On Thursday, the 10-year benchmark yield broke above 1.60% for the first time since the Brexit vote sparked a panicked Treasury rally that brought yields to all-time lows.
But Thursday’s market moves proved to be all about correlations, according to BMO’s Kohli. “As soon as crude pulled back [Treasury] yields followed,” he said, while a rally in the Japanese yen USDJPY, -1.06% typically viewed as a haven, also helped push yields lower.
ECB President Mario Draghi said the market had a “fairly resilient” reaction to Brexit, but that risks to the outlook of eurozone’s economy remain tilted to the downside, in part due to worries about Brexit fallout.
Draghi reiterated that the central bank intends to keep rates at current or lower levels for an “extended period” and that its program of monthly bond buys would run until at least March 2017 and possibly beyond.

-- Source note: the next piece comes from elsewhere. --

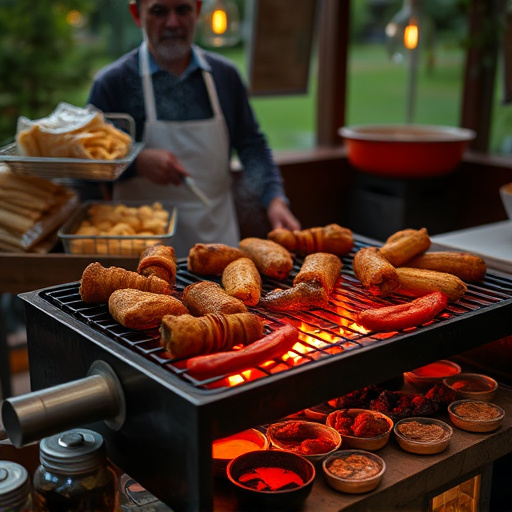 barbecue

On the U.S. economic front, the number of Americans who applied for unemployment benefits last week fell to its second lowest level of a seven-year-old economic expansion that shows no signs of flagging.
Existing home sales jumped to their highest level since February 2007 and the leading economic index for the U.S. rose in June after declining in the prior month.
But activity of U.S. manufacturers in the Philadelphia region contracted again in July, suggesting manufacturing continues to struggle.